Truth be told, I don't know exactly what the problem is. Libya is not exactly fully rehabilitated in the eyes of the West and its not as though European institutions are overjoyed to see Arab/African investors buying their assets. And maybe that's part of what lies underneath the controversy - Libya and Italy certainly have a "history" together, and it probably aggravates the hell out of some Italians to see Libya buying into Italian assets from a position of relative power. With rumors that certain Italian politicians were displeased with this arrangement and making that known to the board, who knows exactly what role this had.

Whatever the case may be, the fact still remains that Profumo guided Unicredit from being just another Italian bank to being a major player in Europe - the second-largest bank in Italy, the third-largest in Germany, and the largest in both Austria and CEE. Even granting that the stock performed better in the first half of his tenure than the second, Profumo should still be appreciated by long-term shareholders.

And now it's time to see where the bank goes from here. There is definitely some need for restructuring at Unicredit, and perhaps that was also part of the CEO's departure - whether he wanted to go slower than the board or faster. So if Unicredit is about to change itself in some pretty significant ways, maybe it is better to do so with new management at the helm.

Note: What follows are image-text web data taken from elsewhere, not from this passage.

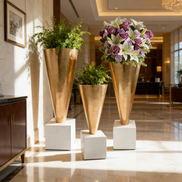 50/80/100厘米现代装饰小号花瓶婚礼中心白色和金色花瓶豪华玻璃纤维婚礼花瓶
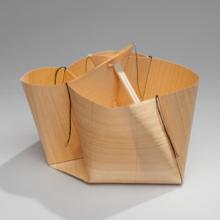 Kiri IV #1  1993 Kay Sekimachi (b. 1926) Kiriwood paper laminated to silk tissue, stitched and folded; chopstick handle L2013.2601.054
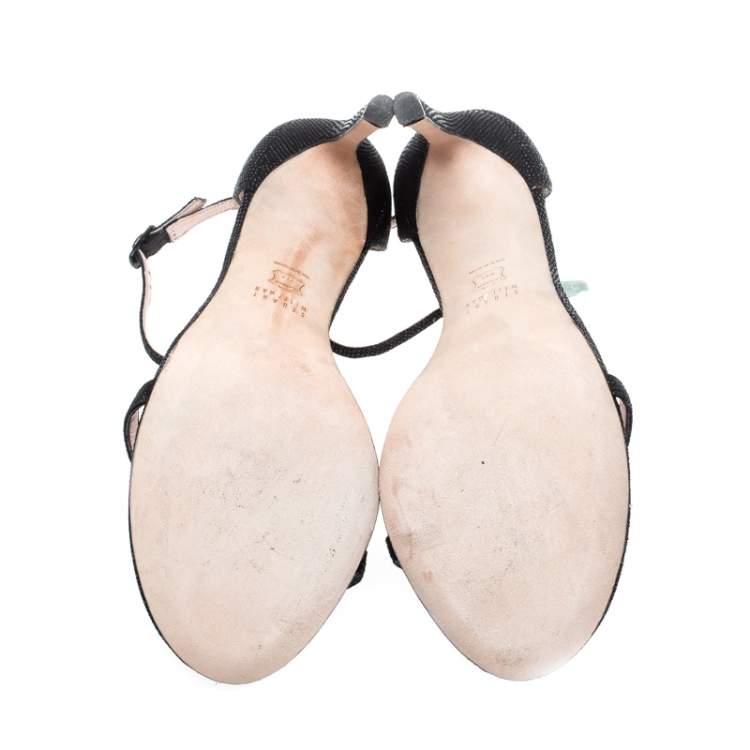 Pre Owned Stuart Weitzman Black Textured Leather Nudist Sandals Size 41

The vacuum at the top is certainly a big risk factor, as nobody can really say what the near-term direction for the bank is going to be (at least not until the new CEO lays it out). Likewise, it is fair to wonder just how this board operates and what sort of "non-operating influences" get to be played out behind the closed doors of the boardroom.

Still ... this bank was a quality company before the crisis and even if Italy sometimes seems like a perpetual economic and political head-case, it seems likely to be a good candidate for a strong recovery. I have enough European banking exposure for now (though Santander (NYSE: STD, Danske, and a few Swedish banks are enticing...), and would rather add in places like South America (Itau), South Africa (Standard), and Asia (DBS Group), but Unicredit seems pretty dang cheap right now.  Assuming that the board isn't daft enough to screw up over a decade of progress, this could be a good opportunity to buy a dip and get a quality pan-European bank.